Un an après l'échec d'un essai à grande échelle de vaccin antisida, la communauté scientifique, réunie la semaine dernière en Afrique du Sud, a dû redéfinir ses méthodes de recherches pour lutter contre le virus.

«Nous sommes au milieu d'un profond changement des mentalités au sein de la communauté de chercheurs et pas seulement en ce qui concerne le développement d'une drogue ou d'un vaccin», a expliqué le directeur de l'Initiative pour un vaccin antisida, Alan Bernstein, en marge d'une conférence annuelle sur le sujet au Cap.

L'année dernière, les espoirs de voir aboutir un quart de siècle de recherche ont été réduits à néant: des essais cliniques du laboratoire américain Merck, lancés à grande échelle en particulier en Afrique du Sud, pays comptant le plus grand nombre de séropositifs au monde, ont été interrompus après que les injections se furent avérées inefficaces.

Plus grave, les personnes vaccinées lors de cet essai ont été plus nombreuses à contracter le virus que celles traitées avec un placebo.

«Les résultats de Merck étaient une telle surprise, tout le monde était désarçonné», se souvient Mitchell Warren de la Coalition en faveur d'un vaccin contre le virus de l'immunodéficience humaine (VIH).

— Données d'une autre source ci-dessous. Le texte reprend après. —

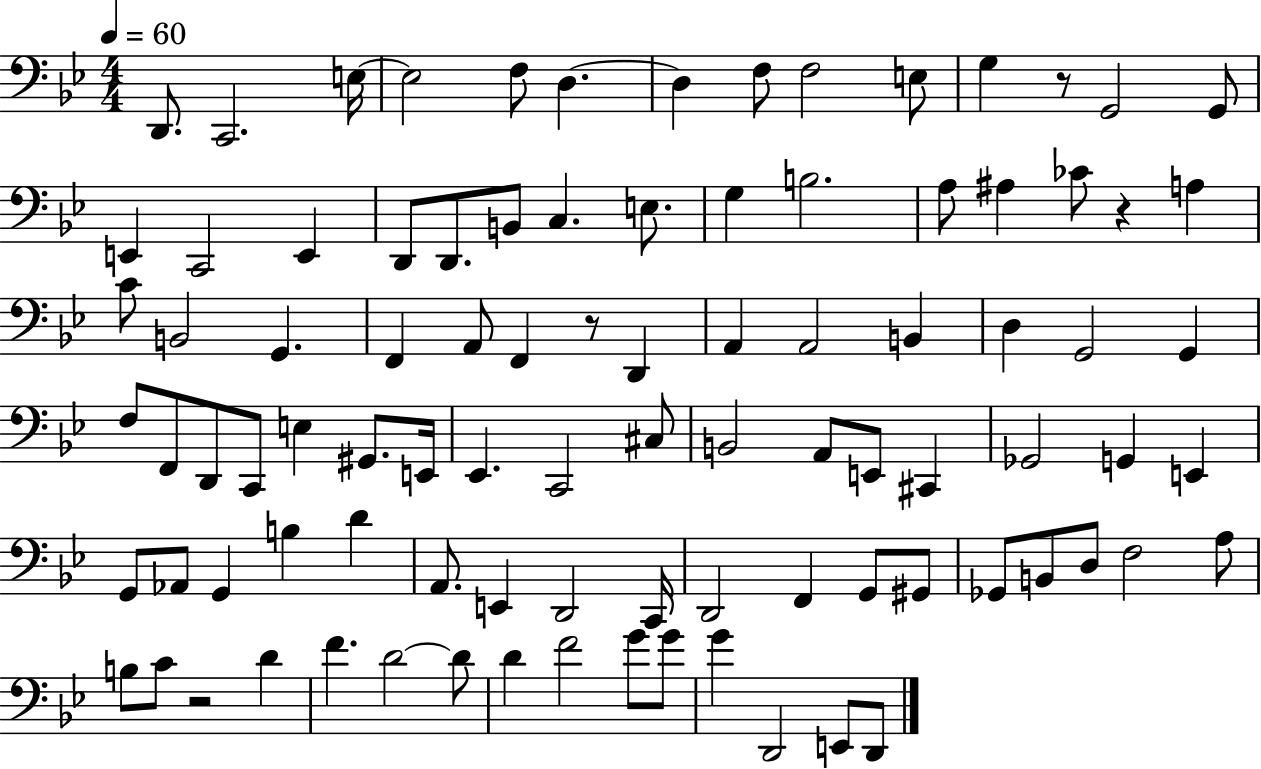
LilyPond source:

{
  \clef bass
  \numericTimeSignature
  \time 4/4
  \key bes \major
  \tempo 4 = 60
  d,8. c,2. e16~~ | e2 f8 d4.~~ | d4 f8 f2 e8 | g4 r8 g,2 g,8 | \break e,4 c,2 e,4 | d,8 d,8. b,8 c4. e8. | g4 b2. | a8 ais4 ces'8 r4 a4 | \break c'8 b,2 g,4. | f,4 a,8 f,4 r8 d,4 | a,4 a,2 b,4 | d4 g,2 g,4 | \break f8 f,8 d,8 c,8 e4 gis,8. e,16 | ees,4. c,2 cis8 | b,2 a,8 e,8 cis,4 | ges,2 g,4 e,4 | \break g,8 aes,8 g,4 b4 d'4 | a,8. e,4 d,2 c,16 | d,2 f,4 g,8 gis,8 | ges,8 b,8 d8 f2 a8 | \break b8 c'8 r2 d'4 | f'4. d'2~~ d'8 | d'4 f'2 g'8 g'8 | g'4 d,2 e,8 d,8 | \break \bar "|."
}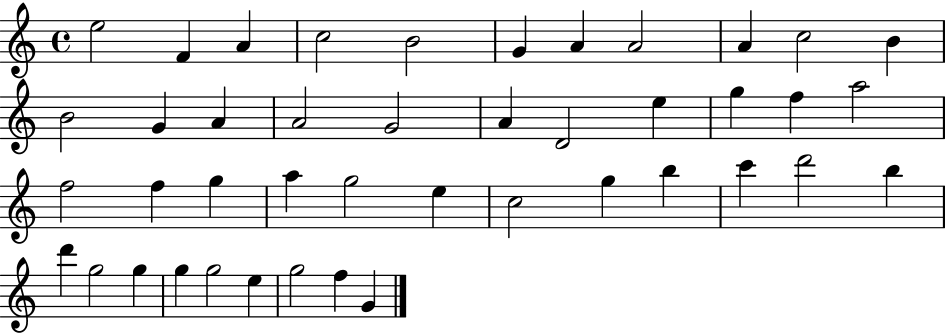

«Il ne savent toujours pas ce qui s'est exactement passé. Cet échec a obligé les gens à se tourner vers d'autres approches pour trouver un vaccin sur le sida, tellement c'était surprenant», poursuit-il.

Les vaccins développés jusqu'à présent permettent au corps humain de développer des anticorps pour neutraliser les corps hostiles ou d'attaquer les cellules contaminées pour les supprimer avant que la maladie ne se propage.

Mais le virus du sida mute rapidement, ce qui rend presque impossible la découverte d'un vaccin utilisant ces méthodes.

Selon M. Berstein, une des nouvelles approches très prometteuses implique le système d'immunité naturelle, un mécanisme de protection non spécifique qui répond aux agressions immédiates.

«On sait maintenant que nous n'avons que quelques heures en général pour arrêter la propagation du virus. C'est pourquoi l'activation de ce système d'immunité naturelle pourrait être décisive dans le cas où nous développons un vaccin», explique-t-il.

Mais, note-t-il, «personne n'aurait pensé que ce serait aussi compliqué».

Environ 30 tests cliniques sont actuellement en cours dans le monde, où 33 millions de personnes sont infectées par le virus alors que 25 millions de personnes en sont déjà mortes.

L'essai le plus important, qui porte sur 16 000 personnes, a lieu en Thaïlande depuis 2003. Les résultats, très attendus, devraient être connus l'année prochaine et donner de précieuses informations sur la pandémie.

Face aux échecs successifs pour mettre au point un vaccin, ses détracteurs ont demandé la fin des recherches, estimant que l'argent serait plus utile pour financer d'autres moyens de prévention ou traitements de la maladie.

Début août, les principaux acteurs de la recherche d'un vaccin antisida, réunis à Mexico pour la conférence mondiale sur le sida, ont cependant réaffirmé que la pandémie ne serait enrayée que par la découverte d'un vaccin préventif et non par le traitement des personnes déjà contaminées.

Et Anthony Fauci, un des principaux chercheurs des Instituts nationaux de la santé aux Etats-Unis, a donné un autre argument de poids lors de la conférence au Cap: «Historiquement, les vaccins coûtent le moins cher» à terme, car ils suppriment toutes dépenses pour traiter les maladies.